How sticky a spot were you in considering Montoya's open criticism of Elledge's firing?
We had a sit-down talk, a little ''come-to-Jesus" meeting, I guess you'd call it, Friday after qualifying (at Charlotte). When it first happened, obviously, it was a big shocker to people. I called (Montoya) once the dust settled a little bit because we were trying to get ready for Charlotte and I said, "Hey, dude, this wasn't … I had no idea what's going on. I'm going to help you as best I can," and I don't know if he understood that I was 200 percent behind him and would try to do this right.
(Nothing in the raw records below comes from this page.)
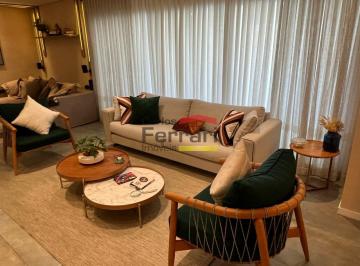 Apartamento · 182m² · 3 Quartos · 3 Vagas · Santana-Apartamento 3 suites, 3 vagas, sacada, lazer total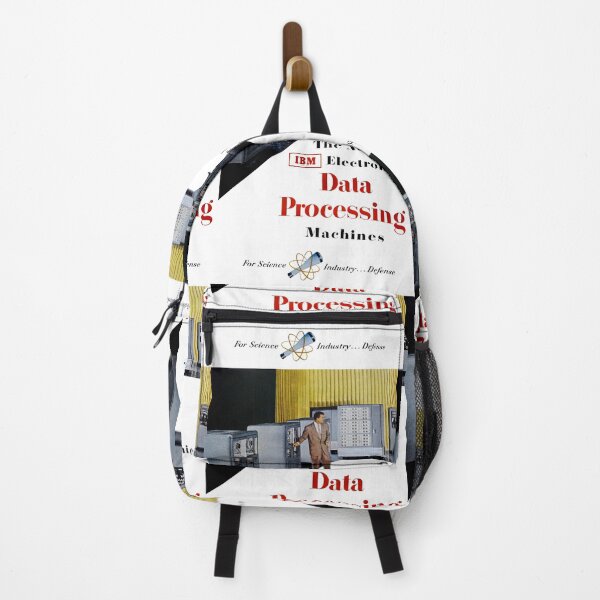 Item preview, ELECTRONIC DATA PROCESSING MACHINES - ADVERT designed and sold by ThrowbackAds.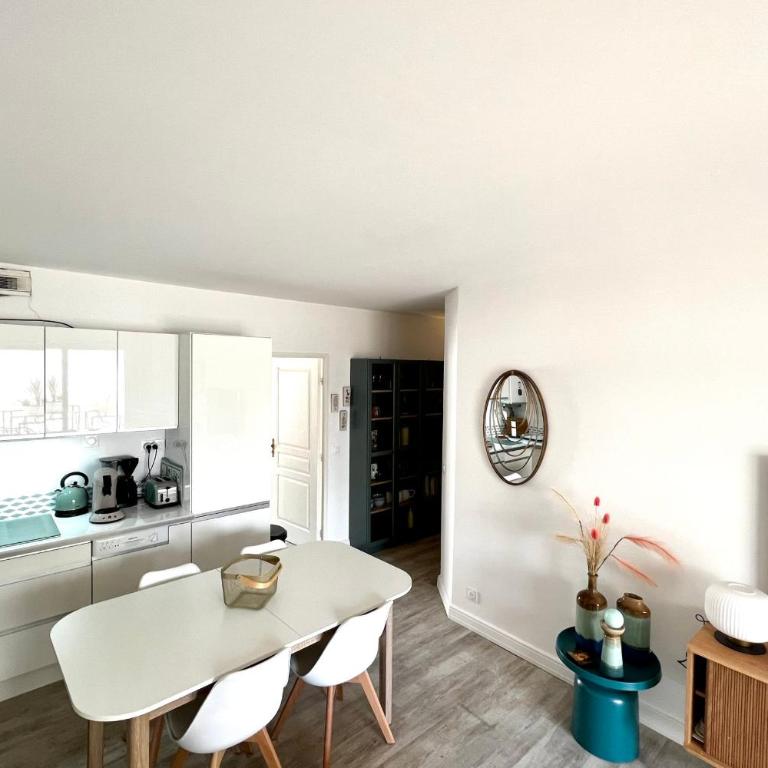 Le Meissonnier bright apartment with terrace - Appartement - 8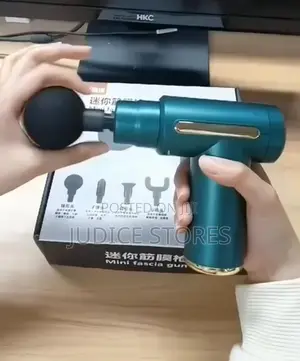 Mini Gun Massager
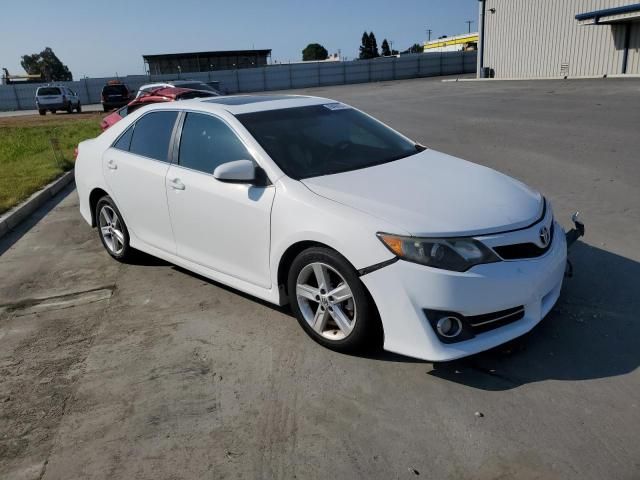 2013 Toyota Camry L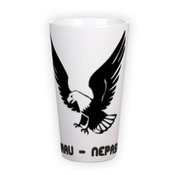 Большая Latte кружка (400 мл)
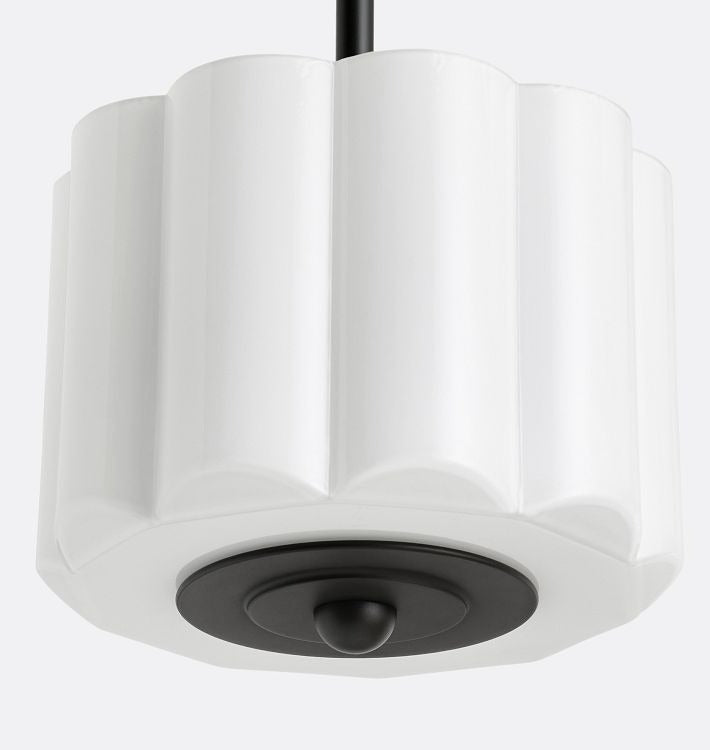 Florentine Pendant 12" 16"D - Zonesus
I figure if I'm going to spend Sundays away from family, I might as well do it with 200 percent effort, and he feels the same way.
I think the more we practice and see the changes that I make and he sees that I'm not a jerk, that I've been doing this for a while and understand I'm trying to feel what he's feeling, we'll be all right.
Did you call Elledge or Wingo for advice on working with your new driver?
We (crew chiefs) hang out every day at the shop. I'm really good friends with all the crew chiefs. It's not like we lack information. Obviously it was a shock, and once we got past the chaos that went on, it'll be all right. Jimmy is going to be fine, I'll be fine. In the end it will all work out, but obviously, I hate to see any friends of mine get fired. Donnie, I've leaned on him since I've been here, so now he's going to get leaned on a little harder.
How much pressure is there working for someone who will make personnel changes, driver or crew chief, so quickly?
It definitely keeps you on your toes. You respect a guy who wants to get better and isn't okay with running mid pack. And neither are we, so if a chemistry change is needed — not saying that anybody is doing a bad job or is not giving the commitment — if a little spark is needed, he'll keep you from getting complacent.
Have you been told you are interim crew chief, or is every position interim in that race shop?
You'd have to ask upper management about that. I'm just trying to do the best I can with what I have. It's a big challenge for me, and I think its through the end of the year, but if Chip and Juan find someone else they would like, I'll do whatever the company needs. I want to win races. I think I can do that shortly. We're going in the right direction.